Remember the reader who was struggling at work due to the stress caused by the break-up of his marriage? His estranged wife was still living in his house and he was driving her to and from work every day, and finding he couldn't focus on his work. Here's his update.
I am extremely grateful for your feedback -- it's made a difference in my life.
My wife is still living in the same house -- there's been no movement there. Since I wrote to you in September, I spent several more weekends greatly expanding my gathering of financial information, and ended up with 600 pages of bills over 4.5 years (that's 1/3 of a CD full of page scans). I gave her a CD copy and mailed the other CD to my lawyer. No movement yet on negotiations.
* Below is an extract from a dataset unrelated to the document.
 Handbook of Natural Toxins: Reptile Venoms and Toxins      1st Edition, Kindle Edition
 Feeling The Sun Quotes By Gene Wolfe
The good news is that my work is starting to settle down. Instead of checking personal E-Mail every five minutes, I check it occasionally on my Blackberry. Since I've been on transit, my stress level (and commuting expenses) are down. I'm able to have a beer at the end of the day when I feel like it. And I'm on my own schedule, which is awesome.
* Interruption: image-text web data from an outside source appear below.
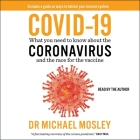 Covid-19: Everything You Need to Know about the Coronavirus and the Race for the Vaccine Cover Image
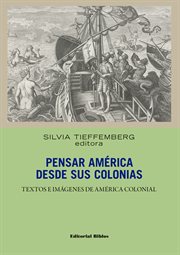 Pensar América desde sus colonias : textos e imágenes de América colonial cover image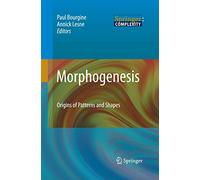 Morphogenesis: Origins of Patterns and Shapes (Springer Complexity)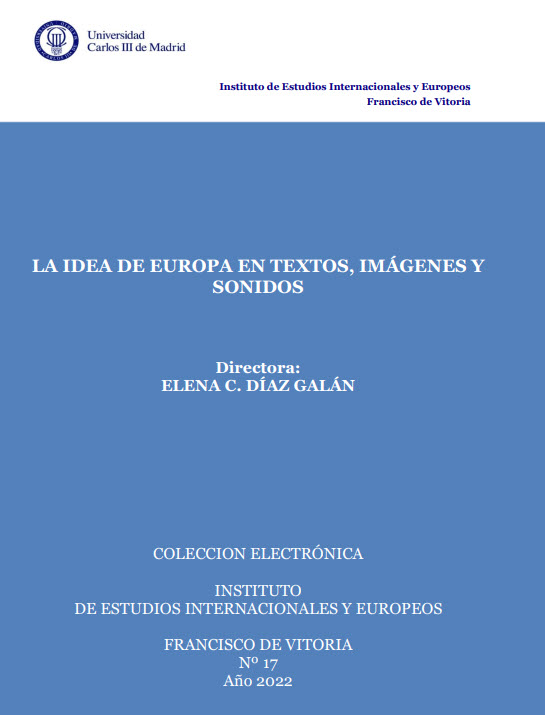 Imagen de portada del libro La idea de Europa en textos, imágenes y sonidos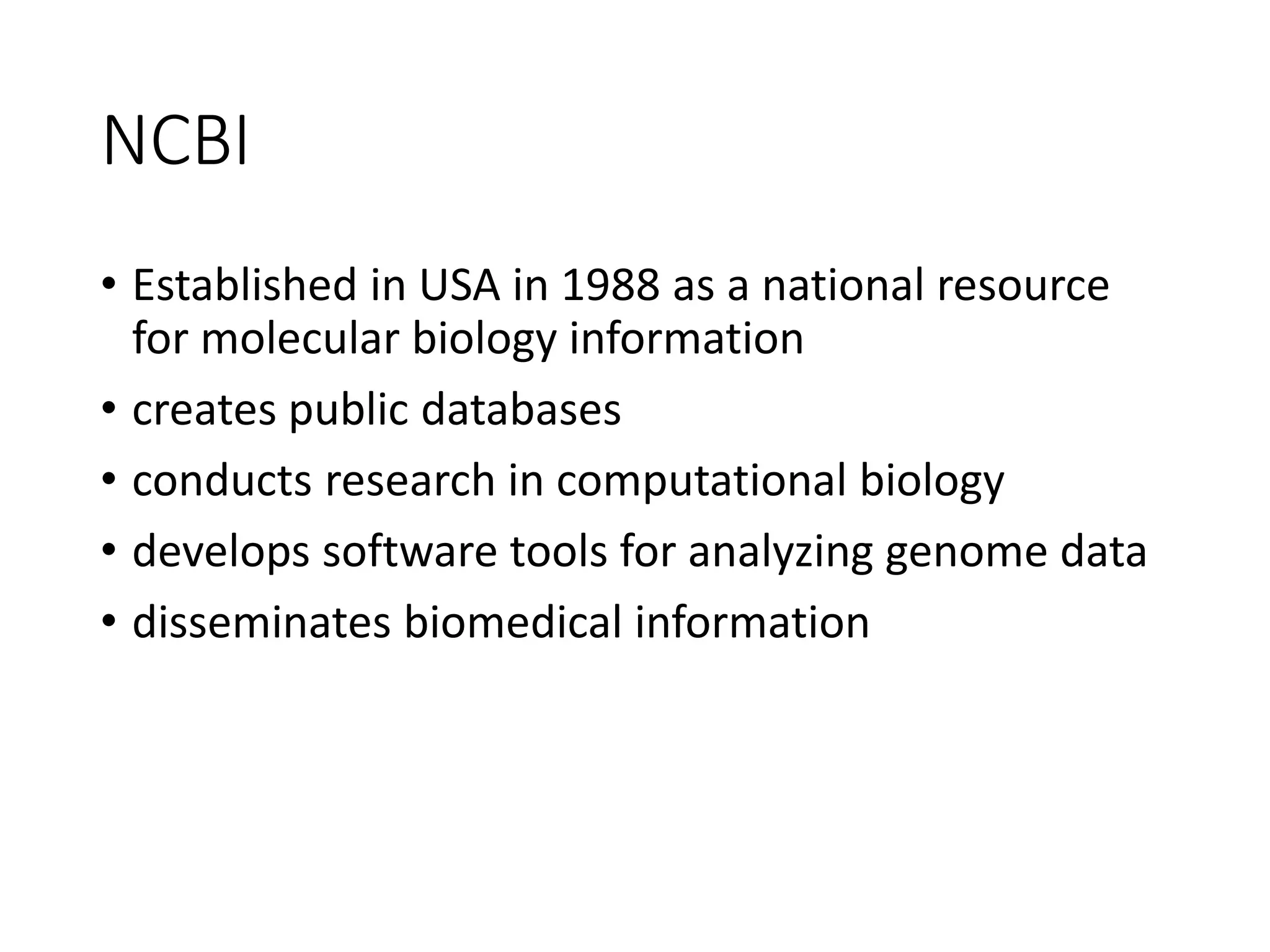 NCBI
• Established in USA in 1988 as a national resource
for molecular biology information
• creates public databases
• conducts research in computational biology
• develops software tools for analyzing genome data
• disseminates biomedical information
The bad news is that there was a work production issue that was partially my fault, and I spent part of a week waiting for the call to a meeting that would conclude with me being marched out the door. I worked extremely hard to fix the mistake, and the storm blew over. Phew.
The thing is, my team still has a ton of work to do ... so while I have had unproductive moments, I'm badly needed, and I'm good at what I do. And my team lead is in the loop about what's going on. So I'm OK for now. And things will only get better when this thing gets resolved.
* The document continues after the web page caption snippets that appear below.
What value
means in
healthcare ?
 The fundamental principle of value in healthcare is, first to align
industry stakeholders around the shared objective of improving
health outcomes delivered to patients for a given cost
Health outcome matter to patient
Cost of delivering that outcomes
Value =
Finally (not really relevant to the whole job thing), I signed up for a dating site a few months back, marking myself as Married, but explaining that we were separated, blah blah blah .. and got a few nibbles, but a lot of women I heard from just weren't interested in Some Guy Who Was Married With Some Story About Being Separated.
This weekend, I had a date, and she said, "Look, your ex (or Future Ex-Wife, as I've been calling her) spends her weekends with her Mother (in another town an hour's drive away). She sleeps in the house during the week, travels to work by herself, and you're paying 100% of the house expenses .. so you're single. Change your profile." So I did that, and felt like I've made a big step forward. And I've been seeing a lot more activity, which is gratifying. Good for my (somewhat reduced) ego.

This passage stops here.